Bill Fisher is a drilling and completion superintendent for Mariner Energy Inc. He has 25 years' industry experience, 17 of which were spent with Amoco Production Co. Fisher attended Penn State.

Stephen Jeu is a senior petroleum engineer with Completion Engineers, Lafayette, La., advising Mariner Energy Inc. He has 23 years' industry experience, 10 years with Amoco Production Co. and 5 years with an independent oil and gas producer. Jeu attended Rice University, Houston.

Darrell Foreman is an operations supervisor specializing in deepwater projects with Halliburton's Baroid Completion Fluid Services in Houston. He has 26 years' experience in many phases of drilling and completion fluids, having held several technical and management positions for Baroid, both domestic and international. Foreman holds a BS degree in microbiology from McNeese State University, Lake Charles, La.

Doug Hendricks is a project manager for Halliburton Energy Services, Houston.
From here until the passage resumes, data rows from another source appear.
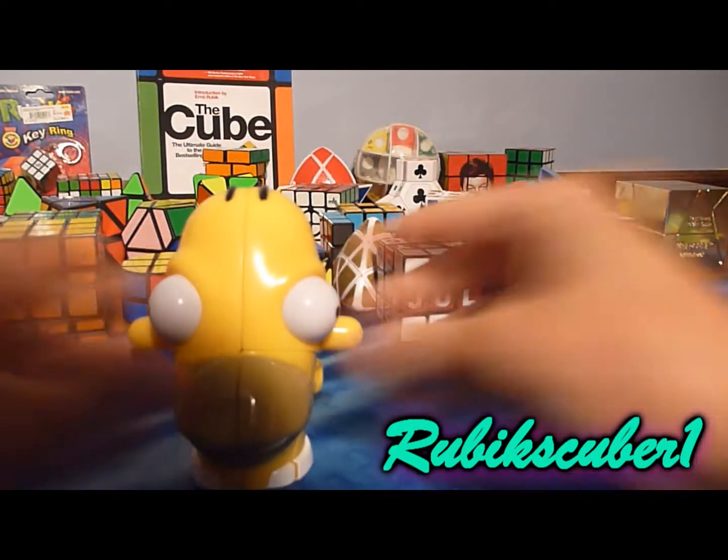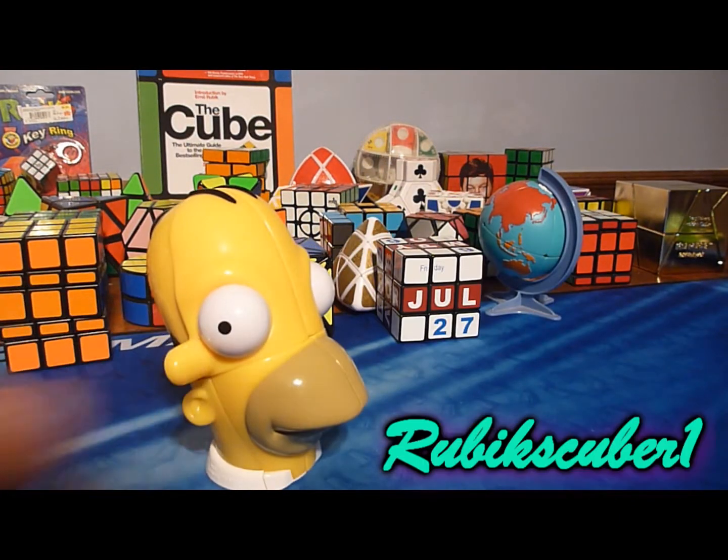Isn't that wild? What is he, a fish? I don't know what to call that. For some reason I think it looks like some type of moose.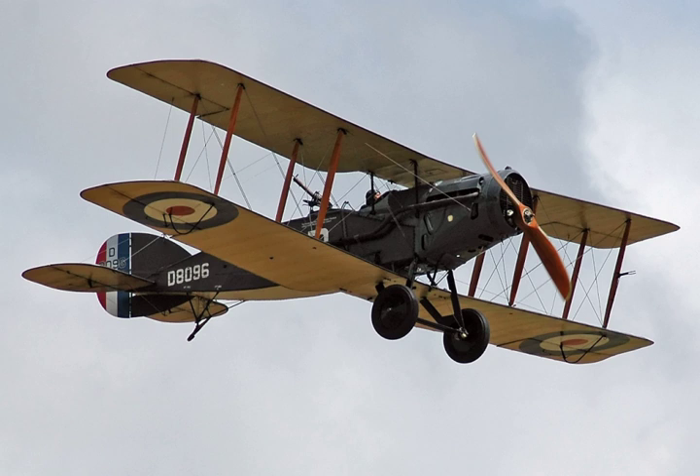The first 150 or so F.2Bs were powered by either the Falcon I or Falcon II engine, but the remainder were equipped with the 275hp Falcon III engine. The additional power gave the F-2B a 10 miles per hour advantage in level speed over the F-2A, while it was 3 minutes faster in a climb to 10,000 feet.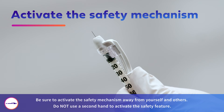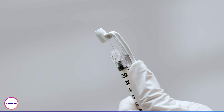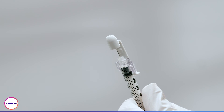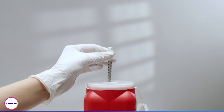After the injection is complete, immediately activate the safety mechanism by using a simple one-handed technique. Move the safety arm completely forward until it is fully extended and the needle tip is covered. You will hear a clicking sound when the safety mechanism is activated. Discard the used syringe in an approved sharps container and in accordance with applicable regulations and institutional policy.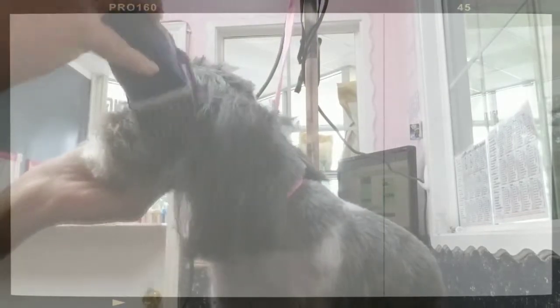Then we'll do a two comb over the top of the head. Hold the ears out of the way and make sure you're following the hair growth. She was acting a little weird — I thought she was gonna bite me for a minute — but reflexes like a cat are always good. Follow the hair growth with the two comb.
A registered professional engineer in Texas, he has 21 years' experience in well production, completion engineering, and subsea systems engineering. He holds a BS in geology from Illinois State University and an MS in mineral engineering from the University of Alabama. He is a member of SPE.

Ricki Jannise is an account representative for Halliburton Energy Services, Houston. He has 24 years' experience, primarily in the completion products and services area in the Gulf of Mexico. He is an associate member of SPE.

James Samaripa is Houston business development technical sales team manager, Halliburton Energy Services, Houston. He has 24 years' experience in production, completion, and drilling. Samaripa holds a BS in petroleum engineering from the University of Oklahoma and is a member of SPE.